SPORTS SOCIOLOGIST: DON'T MIX SPORTS AND POLITICS IN ARMENIA MATCH

Today's Zaman
Sept 3 2008
Turkey

The national football teams of Turkey and Armenia will compete on
Saturday in Yerevan in a World Cup qualifying match that has drawn
more interest from politicians and diplomats than the sports world,
but a professor of sports sociology has warned that politicians should
avoid mixing sports with politics.

Professor Ozbay Guven, the head of sports sociology at the physical
education and sports department at Gazi University, cautions that
people shouldn't attach too much symbolism to this match and should
not mix sports with diplomacy.

A member of the International Society for the History of Physical
Education and Sport (ISHPES), Guven talked to Today's Zaman about
the high expectations of Saturday's Armenia-Turkey match.

Noting that Turkish and Armenian sportsmen had competed many times
in sports other than football in the past, Guven said it is normal
for Turkish and Armenian nations to attach some symbolism to this
match. "First of all, it was inevitable that one day Turkey would
play against Armenia in such a match.

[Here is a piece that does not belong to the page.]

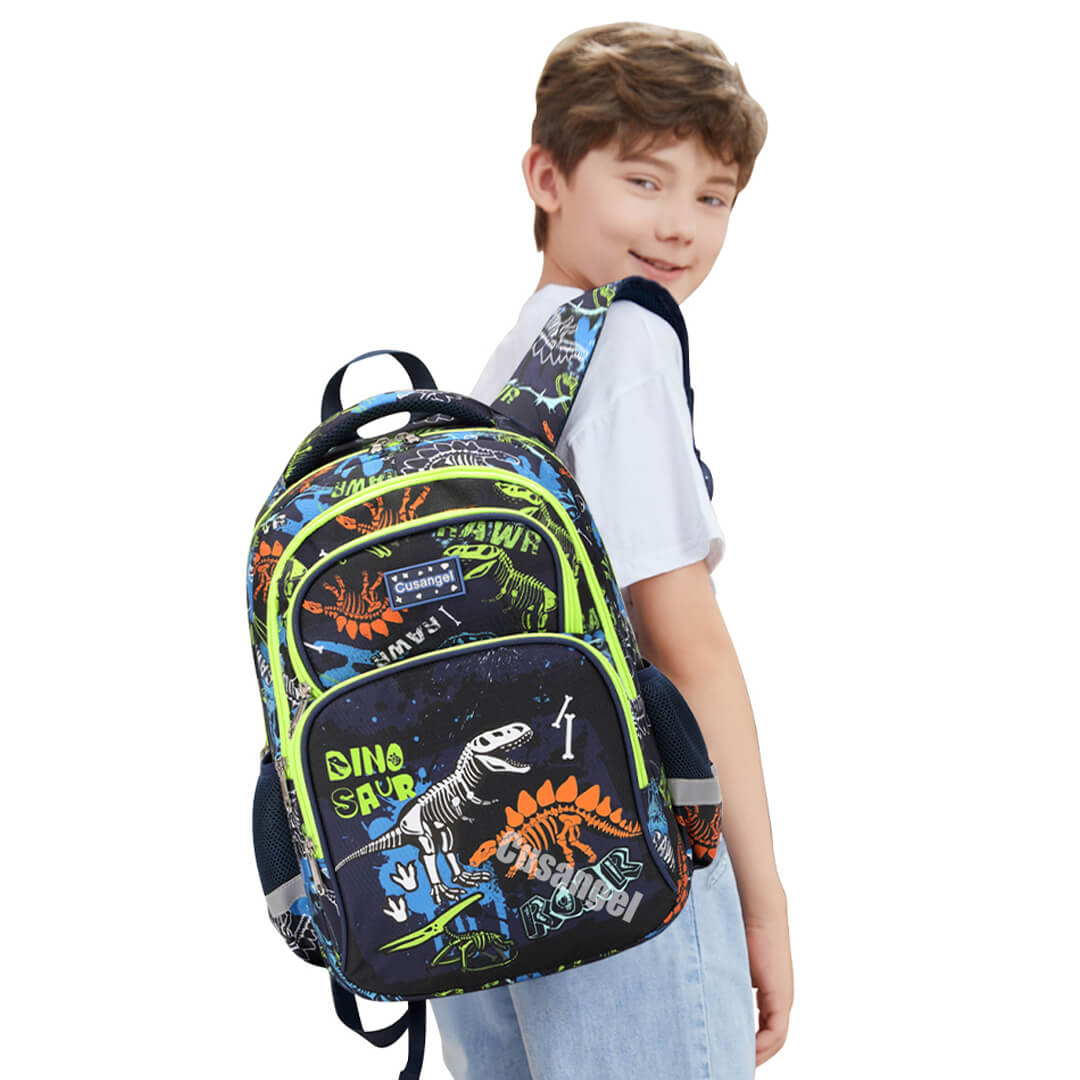 Dinosaur school backpack set for kids ages 5–10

Therefore, this event should be
viewed with reason rather than sentimentality. Actually, Turkey should
be happy as it will be playing against a weak team like Armenia. It
is very unlikely that Armenia will be successful in this football
match. They should regard this match against the Turkish national
team as an opportunity for furthering their relations with Turkey
and for the opening of borders," he says.

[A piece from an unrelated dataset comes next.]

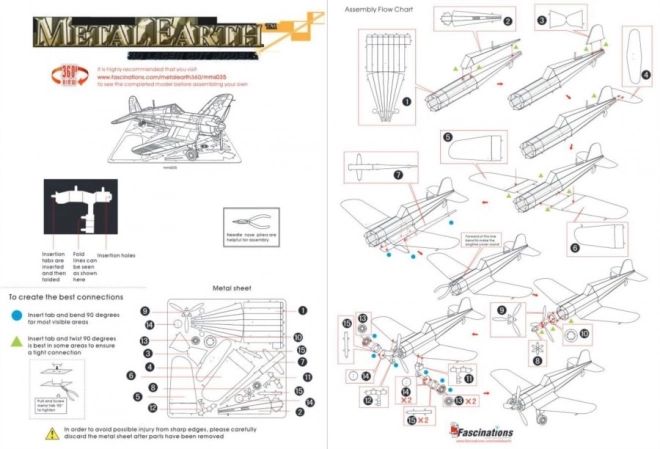 Metal 3D Puzzle Corsair Aircraft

Guven advised that the Turkish national team should not underestimate
Armenia and that the Armenian national team should not give different
or historical meanings to the football match. "Although our rival,
the Armenian national team, seems to be an easy target, we should not
underestimate them. We saw what happened when the Maltese national
team played Turkey in 2007 and the game was equated to the Ottoman
siege of Malta. It is completely wrong to add symbolism to football
or other sports matches," he noted.

Professor Guven also emphasized that both national teams, their
players, their fans and their coaches should be ready to accept defeat
or victory and behave with good sportsmanship.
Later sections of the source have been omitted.